La paradigme de l'absurdité

« On nous montre l'écharpe en soie avec laquelle nous étrangler. » - Claudine Jeanmart

Si vraiment il est question de Sécurité et de Santé…

Pourquoi y a-t-il encore des cigarettes (dans une boîte pratique décorée de chouettes photos...enSLOGANtée : fumer tue), des fast-food (où l'accro est inévitable malgré le sous-titrage populaire : pour votre santé ne mangez pas trop gras, trop sucré, trop salé... Et dire que le cerveau n'enregistre pas la négation ^^ Ah mais oui ça a changé : pour votre santé mangez au moins cinq fruits et légumes par jour… Pour que l’on fasse nos comptes et qu’on les règle parce que l’on n’est pas sûr que cela soit 2 fruits/3 légumes ou 3 fruits/2 légumes… en épiçant de croyances les conversations de : « les enfants n’aiment pas » …), des rayons de malbouffe et de choses inutiles dans de grandes surfaces conçues soi-disant pour faciliter la vie ?  Pourquoi y a-t-il des ventes de  de quantité astronomique de jouets (où les enfants ne savent plus jouer qu’à travers du matériel plastifié, virtualisé ou construits par d’autres enfants exploités) ? …

Pourquoi des transports en commun bondés ?  Pourquoi des commerces indépendants fermés quand de grandes enseignes sont ouvertes ou d’autres vendent en ligne ? 

Pourquoi l’interdiction d’administrer des traitements inoffensifs pouvant prévenir, soulager voire guérir,  … et donc d’écouter des médecins de terrain ?  Pourquoi des médecins faisant part de leur avis et de leurs expériences et proposant des alternatives sont licenciés alors qu’il manque du personnel soignant et sont par moment cuisinés, interrompus, … voire insultés/agressés lors d’interview ?  Pourquoi n’entend-on nous pas parler de grippe, d’autres maladies, des dépressions, des troubles psychologiques, des extinctions de voix, des consultations reportées ou par téléphone ou encore annulées (y compris des opérations)… ? …

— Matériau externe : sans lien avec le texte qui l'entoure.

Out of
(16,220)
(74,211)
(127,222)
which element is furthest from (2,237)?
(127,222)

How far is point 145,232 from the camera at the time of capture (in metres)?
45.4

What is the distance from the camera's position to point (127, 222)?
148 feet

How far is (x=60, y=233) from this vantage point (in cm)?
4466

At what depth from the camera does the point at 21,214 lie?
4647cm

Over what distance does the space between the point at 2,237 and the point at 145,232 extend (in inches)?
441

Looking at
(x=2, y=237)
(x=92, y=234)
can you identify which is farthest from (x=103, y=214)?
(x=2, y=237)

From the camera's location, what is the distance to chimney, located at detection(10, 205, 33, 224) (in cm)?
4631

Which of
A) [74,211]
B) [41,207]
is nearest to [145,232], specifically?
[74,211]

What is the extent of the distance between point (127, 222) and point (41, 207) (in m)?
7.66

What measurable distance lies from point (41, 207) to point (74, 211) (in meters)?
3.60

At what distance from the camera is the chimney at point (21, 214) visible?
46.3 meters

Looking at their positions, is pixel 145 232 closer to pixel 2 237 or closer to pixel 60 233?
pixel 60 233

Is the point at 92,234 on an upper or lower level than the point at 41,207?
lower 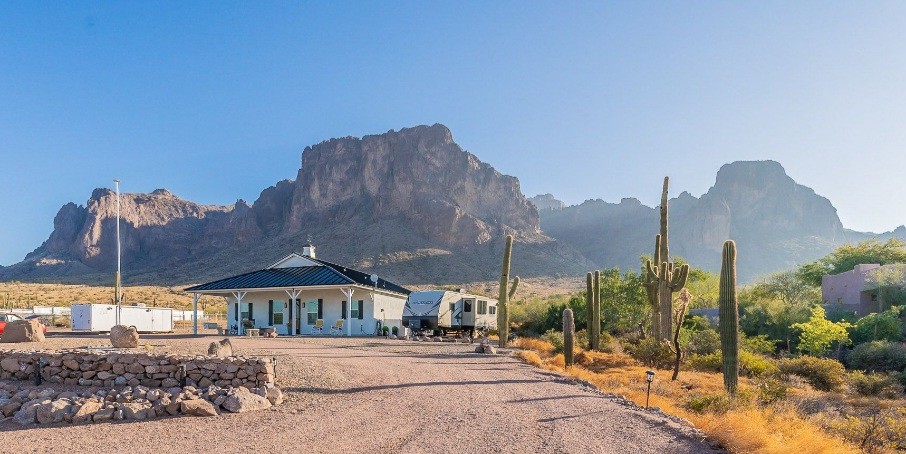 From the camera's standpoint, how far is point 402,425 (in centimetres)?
861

Pourquoi tous les médias ont le même son de cloche ? (Ce qui est loin d’être nouveau hein… Le radotage de l’information scandale, dramatique, … en début de journal suivi de deux, trois ou quatre autres si la première info. n’est pas le sujet principal pour enchaîner sur une ou deux (j’suis sympa) choses positives bien édulcorées pour finir sur une page brève de compétition sportive et/ou de news people.  Cela (re)diffusé toutes les heures avec annonces et titres condensés toutes les demi-heures entre six publicités…) 

Pourquoi du tracing (encore un mot anglaitisé pour "faire genre "pendant que le français est transformé et appauvri accusant alors les élèves de ne plus le maîtriser…) avec pression d’installer une application en félicitant les gens impliqués euh… appliqués ?  

Va-t-on tergiverser pendant des mois sur le fait que les agents de police, de sécurité portent un gilet par balles ou non ? Sur le fait d’allumer les phares des véhicules quand il fait noir ? Alors stop de gaspiller sa salive, sa sève, son souffle, ses battements de cœur, ... pour savoir si l’on porte un masque ou non !  Il y en avait des stocks de masques... et il y en a… le truc (vous savez comme dans les tours de magie : ‘y a un truc...) c'est qu'il faut nous occuper le corps et l'esprit si possible en nous faisant peur et en nous faisant nous sentir utile... C’est " pourquoi "  maintenant, on voit des demandes de renfort auprès de couturières pour confectionner des masques pour enfants…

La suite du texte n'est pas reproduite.